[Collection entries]
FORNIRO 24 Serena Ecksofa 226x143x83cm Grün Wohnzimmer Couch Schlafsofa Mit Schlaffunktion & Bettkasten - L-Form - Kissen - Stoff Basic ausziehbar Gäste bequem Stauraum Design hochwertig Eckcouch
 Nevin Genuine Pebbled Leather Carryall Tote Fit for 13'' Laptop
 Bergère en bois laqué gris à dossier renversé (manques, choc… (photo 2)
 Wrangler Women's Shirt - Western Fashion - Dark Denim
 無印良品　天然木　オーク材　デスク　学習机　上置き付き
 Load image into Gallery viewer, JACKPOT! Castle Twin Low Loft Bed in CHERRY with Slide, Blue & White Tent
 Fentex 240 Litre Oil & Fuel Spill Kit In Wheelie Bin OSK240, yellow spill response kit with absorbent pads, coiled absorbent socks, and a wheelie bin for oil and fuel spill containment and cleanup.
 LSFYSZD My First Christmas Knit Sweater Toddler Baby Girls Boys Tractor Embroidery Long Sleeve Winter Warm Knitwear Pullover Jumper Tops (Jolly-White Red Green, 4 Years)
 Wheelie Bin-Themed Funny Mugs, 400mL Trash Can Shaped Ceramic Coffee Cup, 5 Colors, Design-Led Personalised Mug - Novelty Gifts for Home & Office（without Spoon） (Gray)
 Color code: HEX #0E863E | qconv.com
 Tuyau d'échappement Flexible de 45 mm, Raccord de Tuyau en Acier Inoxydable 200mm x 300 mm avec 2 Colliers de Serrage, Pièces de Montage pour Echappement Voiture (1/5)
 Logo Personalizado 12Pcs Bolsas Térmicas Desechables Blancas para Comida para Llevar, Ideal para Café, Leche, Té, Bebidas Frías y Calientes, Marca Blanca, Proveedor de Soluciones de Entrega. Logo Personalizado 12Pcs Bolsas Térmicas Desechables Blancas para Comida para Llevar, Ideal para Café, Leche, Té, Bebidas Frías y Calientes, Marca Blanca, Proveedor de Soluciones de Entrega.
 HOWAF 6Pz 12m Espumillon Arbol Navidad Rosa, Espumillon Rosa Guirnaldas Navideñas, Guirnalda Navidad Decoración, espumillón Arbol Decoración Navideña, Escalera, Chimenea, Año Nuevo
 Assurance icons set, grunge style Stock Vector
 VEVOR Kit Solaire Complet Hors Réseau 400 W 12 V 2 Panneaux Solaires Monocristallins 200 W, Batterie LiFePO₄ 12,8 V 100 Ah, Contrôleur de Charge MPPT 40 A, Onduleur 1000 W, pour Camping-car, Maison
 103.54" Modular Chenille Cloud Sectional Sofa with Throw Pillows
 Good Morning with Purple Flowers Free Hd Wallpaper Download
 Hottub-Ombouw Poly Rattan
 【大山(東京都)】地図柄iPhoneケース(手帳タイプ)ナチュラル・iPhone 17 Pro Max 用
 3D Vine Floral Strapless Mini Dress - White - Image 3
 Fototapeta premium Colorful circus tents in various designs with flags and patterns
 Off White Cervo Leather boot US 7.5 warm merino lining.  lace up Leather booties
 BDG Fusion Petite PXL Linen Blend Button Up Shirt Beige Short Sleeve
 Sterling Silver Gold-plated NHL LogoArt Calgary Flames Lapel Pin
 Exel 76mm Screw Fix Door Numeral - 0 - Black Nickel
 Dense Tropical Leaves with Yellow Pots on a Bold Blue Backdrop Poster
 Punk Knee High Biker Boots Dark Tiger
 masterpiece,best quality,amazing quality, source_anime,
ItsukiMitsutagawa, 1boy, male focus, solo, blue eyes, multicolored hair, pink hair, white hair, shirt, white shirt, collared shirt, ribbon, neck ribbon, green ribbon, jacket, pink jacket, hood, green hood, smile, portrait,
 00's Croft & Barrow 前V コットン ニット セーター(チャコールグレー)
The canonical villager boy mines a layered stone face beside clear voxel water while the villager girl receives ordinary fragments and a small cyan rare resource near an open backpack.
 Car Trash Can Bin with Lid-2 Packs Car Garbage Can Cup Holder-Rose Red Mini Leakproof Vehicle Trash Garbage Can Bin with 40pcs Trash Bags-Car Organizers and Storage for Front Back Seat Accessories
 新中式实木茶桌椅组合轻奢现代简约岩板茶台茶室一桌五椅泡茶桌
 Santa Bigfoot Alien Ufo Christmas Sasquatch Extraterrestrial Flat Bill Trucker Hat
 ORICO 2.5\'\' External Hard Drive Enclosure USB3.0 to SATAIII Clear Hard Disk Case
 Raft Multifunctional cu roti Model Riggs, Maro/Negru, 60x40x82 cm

§ **EXERCISE DESCRIPTION**
Every entry needs to be written out again, exactly as given.

§ **FINISHED EXERCISE**
FORNIRO 24 Serena Ecksofa 226x143x83cm Grün Wohnzimmer Couch Schlafsofa Mit Schlaffunktion & Bettkasten - L-Form - Kissen - Stoff Basic ausziehbar Gäste bequem Stauraum Design hochwertig Eckcouch
 Nevin Genuine Pebbled Leather Carryall Tote Fit for 13'' Laptop
 Bergère en bois laqué gris à dossier renversé (manques, choc… (photo 2)
 Wrangler Women's Shirt - Western Fashion - Dark Denim
 無印良品　天然木　オーク材　デスク　学習机　上置き付き
 Load image into Gallery viewer, JACKPOT! Castle Twin Low Loft Bed in CHERRY with Slide, Blue & White Tent
 Fentex 240 Litre Oil & Fuel Spill Kit In Wheelie Bin OSK240, yellow spill response kit with absorbent pads, coiled absorbent socks, and a wheelie bin for oil and fuel spill containment and cleanup.
 LSFYSZD My First Christmas Knit Sweater Toddler Baby Girls Boys Tractor Embroidery Long Sleeve Winter Warm Knitwear Pullover Jumper Tops (Jolly-White Red Green, 4 Years)
 Wheelie Bin-Themed Funny Mugs, 400mL Trash Can Shaped Ceramic Coffee Cup, 5 Colors, Design-Led Personalised Mug - Novelty Gifts for Home & Office（without Spoon） (Gray)
 Color code: HEX #0E863E | qconv.com
 Tuyau d'échappement Flexible de 45 mm, Raccord de Tuyau en Acier Inoxydable 200mm x 300 mm avec 2 Colliers de Serrage, Pièces de Montage pour Echappement Voiture (1/5)
 Logo Personalizado 12Pcs Bolsas Térmicas Desechables Blancas para Comida para Llevar, Ideal para Café, Leche, Té, Bebidas Frías y Calientes, Marca Blanca, Proveedor de Soluciones de Entrega. Logo Personalizado 12Pcs Bolsas Térmicas Desechables Blancas para Comida para Llevar, Ideal para Café, Leche, Té, Bebidas Frías y Calientes, Marca Blanca, Proveedor de Soluciones de Entrega.
 HOWAF 6Pz 12m Espumillon Arbol Navidad Rosa, Espumillon Rosa Guirnaldas Navideñas, Guirnalda Navidad Decoración, espumillón Arbol Decoración Navideña, Escalera, Chimenea, Año Nuevo
 Assurance icons set, grunge style Stock Vector
 VEVOR Kit Solaire Complet Hors Réseau 400 W 12 V 2 Panneaux Solaires Monocristallins 200 W, Batterie LiFePO₄ 12,8 V 100 Ah, Contrôleur de Charge MPPT 40 A, Onduleur 1000 W, pour Camping-car, Maison
 103.54" Modular Chenille Cloud Sectional Sofa with Throw Pillows
 Good Morning with Purple Flowers Free Hd Wallpaper Download
 Hottub-Ombouw Poly Rattan
 【大山(東京都)】地図柄iPhoneケース(手帳タイプ)ナチュラル・iPhone 17 Pro Max 用
 3D Vine Floral Strapless Mini Dress - White - Image 3
 Fototapeta premium Colorful circus tents in various designs with flags and patterns
 Off White Cervo Leather boot US 7.5 warm merino lining.  lace up Leather booties
 BDG Fusion Petite PXL Linen Blend Button Up Shirt Beige Short Sleeve
 Sterling Silver Gold-plated NHL LogoArt Calgary Flames Lapel Pin
 Exel 76mm Screw Fix Door Numeral - 0 - Black Nickel
 Dense Tropical Leaves with Yellow Pots on a Bold Blue Backdrop Poster
 Punk Knee High Biker Boots Dark Tiger
 masterpiece,best quality,amazing quality, source_anime,
ItsukiMitsutagawa, 1boy, male focus, solo, blue eyes, multicolored hair, pink hair, white hair, shirt, white shirt, collared shirt, ribbon, neck ribbon, green ribbon, jacket, pink jacket, hood, green hood, smile, portrait,
 00's Croft & Barrow 前V コットン ニット セーター(チャコールグレー)
The canonical villager boy mines a layered stone face beside clear voxel water while the villager girl receives ordinary fragments and a small cyan rare resource near an open backpack.
 Car Trash Can Bin with Lid-2 Packs Car Garbage Can Cup Holder-Rose Red Mini Leakproof Vehicle Trash Garbage Can Bin with 40pcs Trash Bags-Car Organizers and Storage for Front Back Seat Accessories
 新中式实木茶桌椅组合轻奢现代简约岩板茶台茶室一桌五椅泡茶桌
 Santa Bigfoot Alien Ufo Christmas Sasquatch Extraterrestrial Flat Bill Trucker Hat
 ORICO 2.5\'\' External Hard Drive Enclosure USB3.0 to SATAIII Clear Hard Disk Case
 Raft Multifunctional cu roti Model Riggs, Maro/Negru, 60x40x82 cm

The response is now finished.